Because PyTorch does not have a native single-class nn.SwiGLU, you build it by combining F.silu with linear projections.

import torch
import torch.nn as nn
import torch.nn.functional as F

class SwiGLU(nn.Module):
    def __init__(self, d_model, d_ff):
        super().__init__()
        self.w = nn.Linear(d_model, d_ff) # Gate path
        self.v = nn.Linear(d_model, d_ff) # Value path

    def forward(self, x):
        # Element-wise multiplication of the gated SiLU and the value projection
        return F.silu(self.w(x)) * self.v(x)

04 Why use nn.LogSoftmax instead of nn.Softmax?
While nn.Softmax outputs clean probabilities, calculating probabilities explicitly can cause log-underflow issues when passing them to a loss function.
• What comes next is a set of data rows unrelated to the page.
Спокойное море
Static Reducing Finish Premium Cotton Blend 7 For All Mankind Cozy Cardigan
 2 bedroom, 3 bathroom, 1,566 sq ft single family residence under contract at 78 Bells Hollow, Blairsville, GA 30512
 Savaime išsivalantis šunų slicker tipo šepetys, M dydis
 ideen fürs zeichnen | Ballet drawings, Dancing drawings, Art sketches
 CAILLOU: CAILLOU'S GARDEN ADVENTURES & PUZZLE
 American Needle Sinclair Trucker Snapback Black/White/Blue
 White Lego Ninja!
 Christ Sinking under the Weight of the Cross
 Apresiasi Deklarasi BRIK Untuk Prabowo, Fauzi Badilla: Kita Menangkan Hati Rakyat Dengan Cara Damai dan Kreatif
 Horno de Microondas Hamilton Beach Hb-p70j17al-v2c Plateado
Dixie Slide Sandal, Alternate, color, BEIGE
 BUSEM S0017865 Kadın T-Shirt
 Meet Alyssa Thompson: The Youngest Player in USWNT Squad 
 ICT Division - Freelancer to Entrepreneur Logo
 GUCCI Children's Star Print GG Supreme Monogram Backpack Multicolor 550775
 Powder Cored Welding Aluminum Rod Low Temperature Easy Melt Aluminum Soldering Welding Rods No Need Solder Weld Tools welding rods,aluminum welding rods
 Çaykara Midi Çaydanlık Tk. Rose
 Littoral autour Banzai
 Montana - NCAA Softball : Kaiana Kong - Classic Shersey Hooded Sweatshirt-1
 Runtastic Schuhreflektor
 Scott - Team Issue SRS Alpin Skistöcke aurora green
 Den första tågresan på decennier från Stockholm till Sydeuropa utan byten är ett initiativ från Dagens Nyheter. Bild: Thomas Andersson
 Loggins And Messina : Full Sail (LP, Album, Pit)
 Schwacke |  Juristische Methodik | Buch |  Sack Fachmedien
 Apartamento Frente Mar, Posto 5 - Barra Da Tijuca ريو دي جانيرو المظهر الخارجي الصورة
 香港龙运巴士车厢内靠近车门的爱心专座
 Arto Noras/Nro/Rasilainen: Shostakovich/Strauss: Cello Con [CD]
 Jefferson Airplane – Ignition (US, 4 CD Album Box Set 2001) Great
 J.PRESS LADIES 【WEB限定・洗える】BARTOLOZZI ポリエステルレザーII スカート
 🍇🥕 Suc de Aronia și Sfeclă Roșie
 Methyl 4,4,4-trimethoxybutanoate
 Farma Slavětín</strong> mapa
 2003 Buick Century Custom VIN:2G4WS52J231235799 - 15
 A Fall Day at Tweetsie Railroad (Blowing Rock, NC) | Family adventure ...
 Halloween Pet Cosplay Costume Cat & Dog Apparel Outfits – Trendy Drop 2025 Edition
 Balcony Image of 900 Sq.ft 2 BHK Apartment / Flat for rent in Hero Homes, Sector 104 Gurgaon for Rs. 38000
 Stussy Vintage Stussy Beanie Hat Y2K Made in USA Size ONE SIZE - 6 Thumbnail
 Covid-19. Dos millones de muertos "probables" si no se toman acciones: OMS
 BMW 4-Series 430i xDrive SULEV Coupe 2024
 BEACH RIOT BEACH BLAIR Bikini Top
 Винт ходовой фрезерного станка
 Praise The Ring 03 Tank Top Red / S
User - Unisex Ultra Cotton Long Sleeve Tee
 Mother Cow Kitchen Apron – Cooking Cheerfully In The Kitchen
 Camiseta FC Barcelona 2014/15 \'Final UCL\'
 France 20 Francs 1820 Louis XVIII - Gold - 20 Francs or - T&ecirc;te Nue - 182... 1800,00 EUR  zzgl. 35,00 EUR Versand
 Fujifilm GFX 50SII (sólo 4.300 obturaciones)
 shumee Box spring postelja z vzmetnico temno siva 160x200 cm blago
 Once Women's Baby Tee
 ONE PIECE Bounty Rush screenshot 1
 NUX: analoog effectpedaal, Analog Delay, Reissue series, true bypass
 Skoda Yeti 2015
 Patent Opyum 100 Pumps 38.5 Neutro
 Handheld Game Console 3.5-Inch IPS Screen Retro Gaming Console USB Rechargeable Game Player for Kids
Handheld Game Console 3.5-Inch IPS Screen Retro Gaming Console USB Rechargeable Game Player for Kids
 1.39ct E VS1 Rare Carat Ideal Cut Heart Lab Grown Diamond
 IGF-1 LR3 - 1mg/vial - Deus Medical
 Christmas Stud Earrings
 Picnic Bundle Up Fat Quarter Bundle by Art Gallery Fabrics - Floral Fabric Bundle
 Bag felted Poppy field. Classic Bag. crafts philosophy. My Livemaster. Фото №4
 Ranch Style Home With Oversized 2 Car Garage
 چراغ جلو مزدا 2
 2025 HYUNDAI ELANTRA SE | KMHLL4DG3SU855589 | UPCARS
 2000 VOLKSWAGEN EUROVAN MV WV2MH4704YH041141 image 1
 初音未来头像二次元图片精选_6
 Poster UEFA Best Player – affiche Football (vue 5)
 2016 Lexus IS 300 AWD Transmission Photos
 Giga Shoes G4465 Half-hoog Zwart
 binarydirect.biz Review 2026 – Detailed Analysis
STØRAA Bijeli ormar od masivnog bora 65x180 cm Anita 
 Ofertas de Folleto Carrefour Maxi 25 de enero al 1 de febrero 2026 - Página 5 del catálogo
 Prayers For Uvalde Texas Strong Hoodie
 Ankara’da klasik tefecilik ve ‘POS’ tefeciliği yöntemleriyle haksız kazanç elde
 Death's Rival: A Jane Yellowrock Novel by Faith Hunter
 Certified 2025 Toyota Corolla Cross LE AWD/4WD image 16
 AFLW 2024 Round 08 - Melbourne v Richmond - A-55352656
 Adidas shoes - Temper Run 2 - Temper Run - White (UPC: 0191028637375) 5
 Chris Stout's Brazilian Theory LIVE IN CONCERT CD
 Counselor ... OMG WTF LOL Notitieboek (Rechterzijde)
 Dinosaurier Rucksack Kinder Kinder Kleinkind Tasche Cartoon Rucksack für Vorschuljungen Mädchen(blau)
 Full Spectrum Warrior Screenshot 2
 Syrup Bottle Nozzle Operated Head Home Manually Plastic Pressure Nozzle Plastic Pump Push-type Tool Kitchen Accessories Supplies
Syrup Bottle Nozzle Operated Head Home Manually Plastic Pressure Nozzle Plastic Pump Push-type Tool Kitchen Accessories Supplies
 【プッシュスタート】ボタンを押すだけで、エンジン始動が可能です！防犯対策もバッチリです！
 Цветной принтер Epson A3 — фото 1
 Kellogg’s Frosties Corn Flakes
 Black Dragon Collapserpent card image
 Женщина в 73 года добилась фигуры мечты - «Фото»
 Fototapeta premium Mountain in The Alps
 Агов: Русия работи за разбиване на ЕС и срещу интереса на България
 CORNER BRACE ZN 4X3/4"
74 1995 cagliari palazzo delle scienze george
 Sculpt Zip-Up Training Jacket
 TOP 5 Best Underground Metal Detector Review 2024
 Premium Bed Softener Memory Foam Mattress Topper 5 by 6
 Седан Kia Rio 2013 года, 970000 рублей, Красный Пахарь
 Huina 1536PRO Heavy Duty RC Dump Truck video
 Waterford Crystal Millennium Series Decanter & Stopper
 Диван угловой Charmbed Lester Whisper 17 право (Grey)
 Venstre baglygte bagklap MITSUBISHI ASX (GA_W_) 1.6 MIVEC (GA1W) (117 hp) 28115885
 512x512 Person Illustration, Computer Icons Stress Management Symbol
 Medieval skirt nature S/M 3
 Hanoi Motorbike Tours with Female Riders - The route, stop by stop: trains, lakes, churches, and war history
nn.LogSoftmax computes the logarithm of the softmax mathematically inside a single, fused step:
```
# Highly stable alternative to torch.log(F.softmax(x, dim=-1))
output = F.log_softmax(x, dim=-1)
```
Pairing raw logits with nn.CrossEntropyLoss is usually preferred because it applies this logarithmic optimization under the hood automatically.
05 What does the dim parameter in PyTorch Softmax mean?
The dim (dimension) parameter specifies the axis along which the probabilities must sum to 1.
```
# For a batch of token logits: [batch_size, sequence_length, vocab_size]
output = F.softmax(logits, dim=-1)
```
- dim=-1 (or dim=2 in this case) ensures the competition happens across the vocabulary word choices, making sure the tokens sum to 1.
- Choosing the wrong dimension (like dim=0) will accidentally force competition across different batches, entirely breaking the model’s logic.